What are we, brainless savages?
And the refugees do have rights. They have the right not to be traded like flotsam, sold to the highest bidder or bartered awsy for illegal deals.
We are not making regional partnerships, we are forcing the neighbours to allow our agents to act outside the law to stop a tiny number of refugees getting our help.
Learn some facts Bernard, instead of writing rubbish.
Hi Bernard. It’s a very interesting an important thesis if Australia is cherry-picking its refugees for labour-force advantage. As I’ve said in comments elsewhere, it costs a lot of money to grow and educate a worker from the cradle, our education and skills system is experiencing problems, and when we import workers from other countries (especially poor countries) we are indeed skimming off an economic asset from those countries without paying for it.
The story got caught up in the question of India’s refugee intake, even though that’s not crucial to your argument.

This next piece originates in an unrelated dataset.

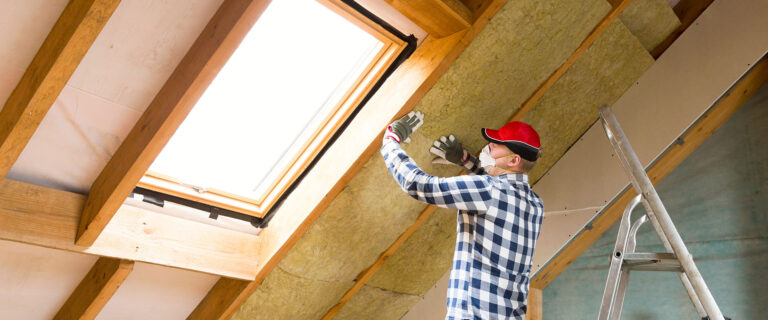 Mann baut im Dachboden Wärmedämmung ein.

We’ve heard often about the “brain drain” of highly productive Australians going to America or elsewhere for lack of enterprise here. Immigration is a “brain drain” in the other direction, with Australia the beneficiary.
Could you give us another story on this thesis. If Australia is indeed cherry-picking refugees for reasons other than their need for safety, that goes against the spirit of the Convention.
It would also be interesting to have an estimated dollar value on the average immigrant (refugee or otherwise) based on money the taxpayer saves on child raising and education.